Problem to work on
Output, exactly as written, the lines below from the one that has "生日祝福语 最温暖你心的生日祝福实用Word文档模板 - 封面预览" through the one that has "Особые поручения : роман"; nothing else, and no pictures.

══ Records for the task ══

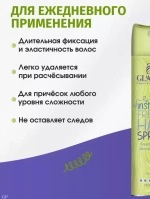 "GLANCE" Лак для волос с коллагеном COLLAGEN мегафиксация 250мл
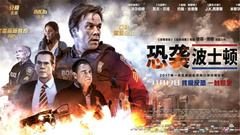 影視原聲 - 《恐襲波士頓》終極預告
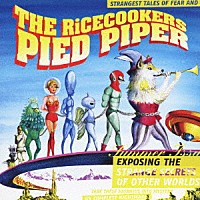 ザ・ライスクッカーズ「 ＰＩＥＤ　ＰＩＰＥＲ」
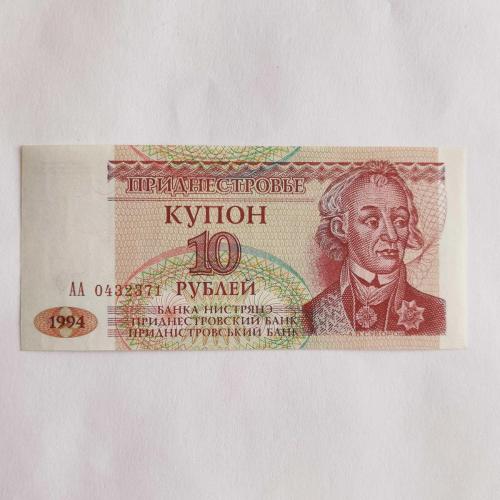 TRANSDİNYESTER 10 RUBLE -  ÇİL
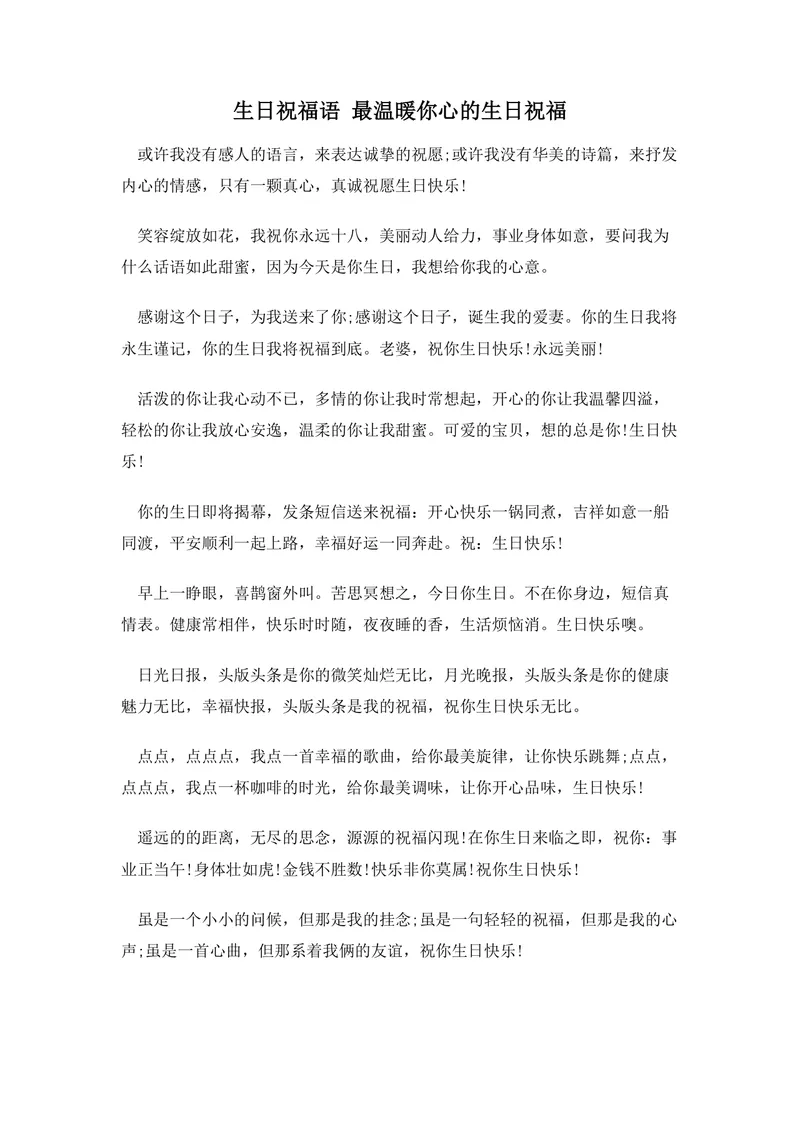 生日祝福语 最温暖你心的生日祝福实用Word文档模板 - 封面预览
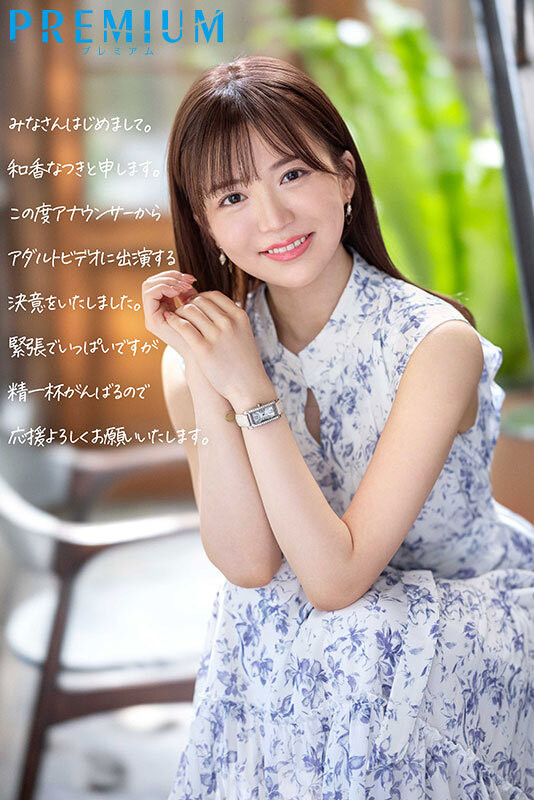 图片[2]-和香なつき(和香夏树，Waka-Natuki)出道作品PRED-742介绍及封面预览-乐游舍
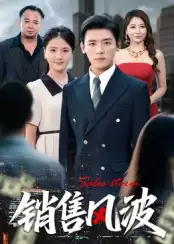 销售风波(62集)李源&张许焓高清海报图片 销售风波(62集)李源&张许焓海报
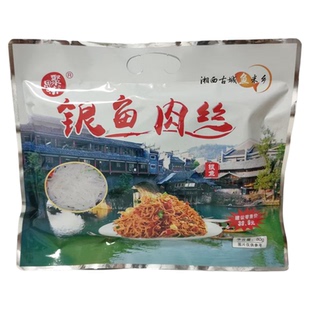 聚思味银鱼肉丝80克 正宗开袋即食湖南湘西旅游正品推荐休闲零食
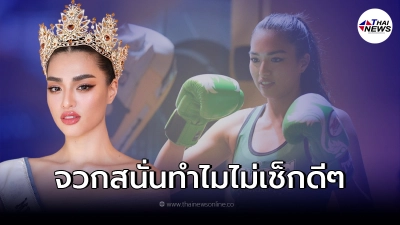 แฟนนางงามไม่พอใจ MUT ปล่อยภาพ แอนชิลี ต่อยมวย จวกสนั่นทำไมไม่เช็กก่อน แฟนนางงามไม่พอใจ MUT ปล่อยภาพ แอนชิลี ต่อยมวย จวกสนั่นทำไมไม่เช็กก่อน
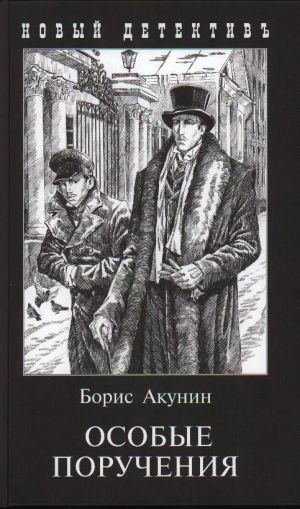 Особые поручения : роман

═══
══ Records for the task ══

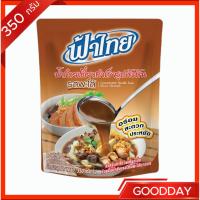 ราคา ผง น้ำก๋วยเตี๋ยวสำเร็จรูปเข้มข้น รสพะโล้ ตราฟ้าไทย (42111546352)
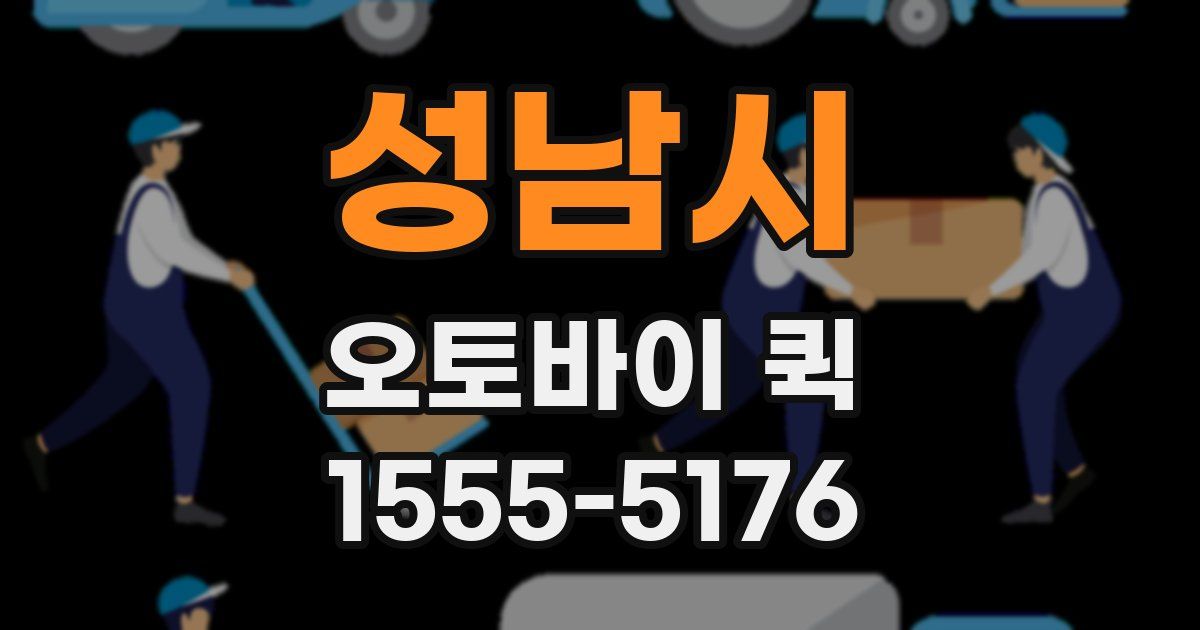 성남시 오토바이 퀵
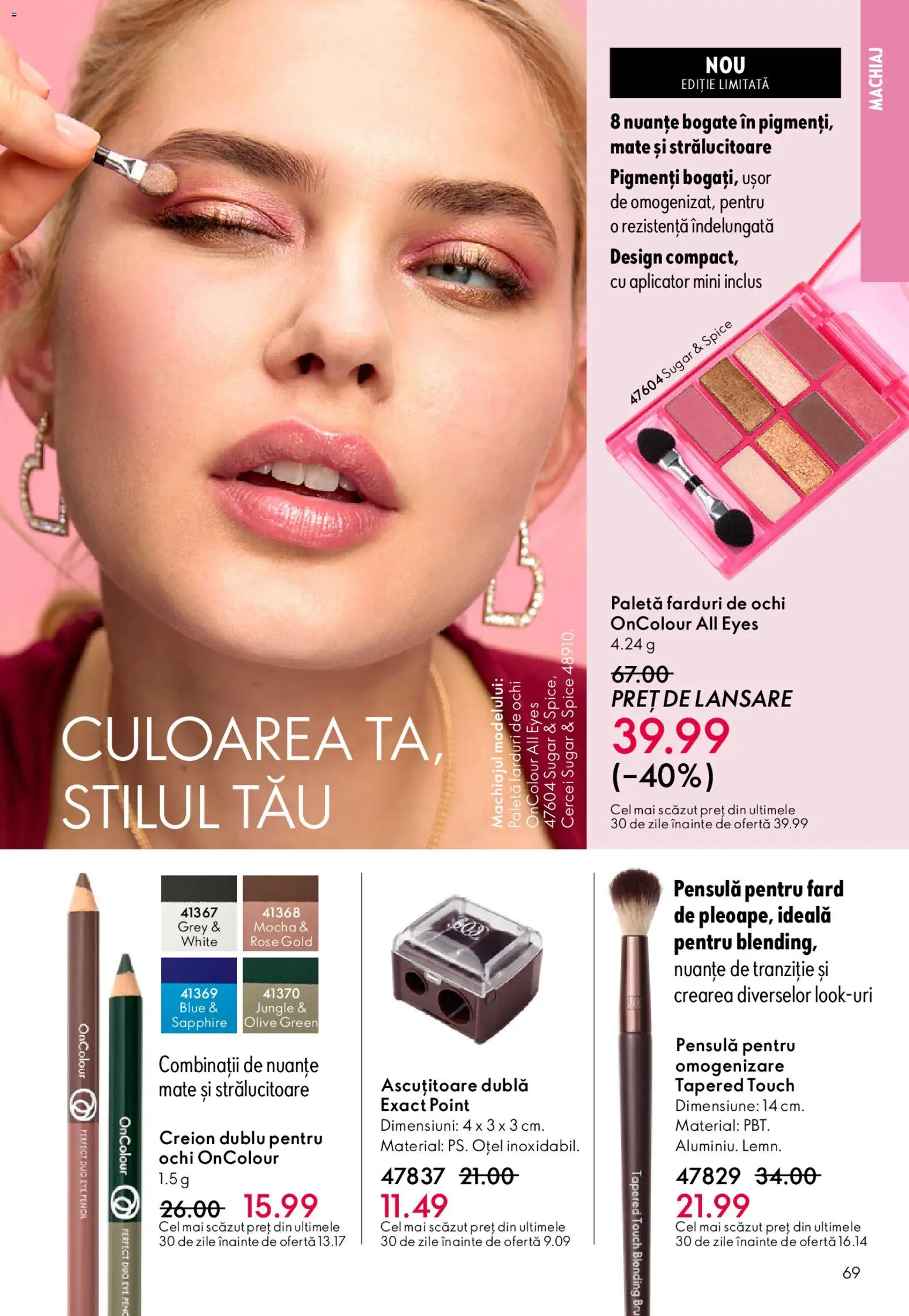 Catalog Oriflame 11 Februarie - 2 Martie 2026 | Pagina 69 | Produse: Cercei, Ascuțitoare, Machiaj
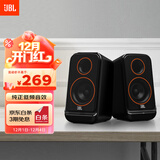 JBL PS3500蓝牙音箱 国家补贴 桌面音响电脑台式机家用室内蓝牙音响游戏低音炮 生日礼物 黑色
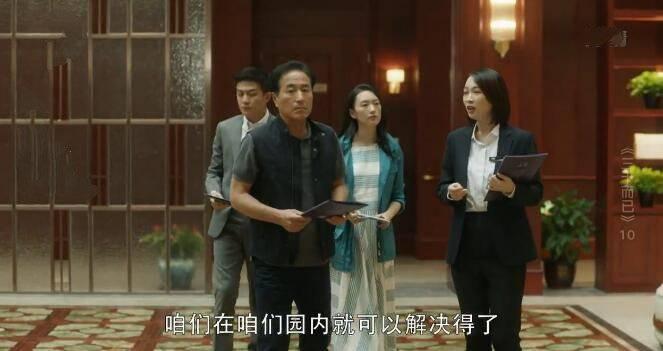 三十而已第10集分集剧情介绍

═══

Reply
 生日祝福语 最温暖你心的生日祝福实用Word文档模板 - 封面预览
 图片[2]-和香なつき(和香夏树，Waka-Natuki)出道作品PRED-742介绍及封面预览-乐游舍
 销售风波(62集)李源&张许焓高清海报图片 销售风波(62集)李源&张许焓海报
 聚思味银鱼肉丝80克 正宗开袋即食湖南湘西旅游正品推荐休闲零食
 แฟนนางงามไม่พอใจ MUT ปล่อยภาพ แอนชิลี ต่อยมวย จวกสนั่นทำไมไม่เช็กก่อน แฟนนางงามไม่พอใจ MUT ปล่อยภาพ แอนชิลี ต่อยมวย จวกสนั่นทำไมไม่เช็กก่อน
 Особые поручения : роман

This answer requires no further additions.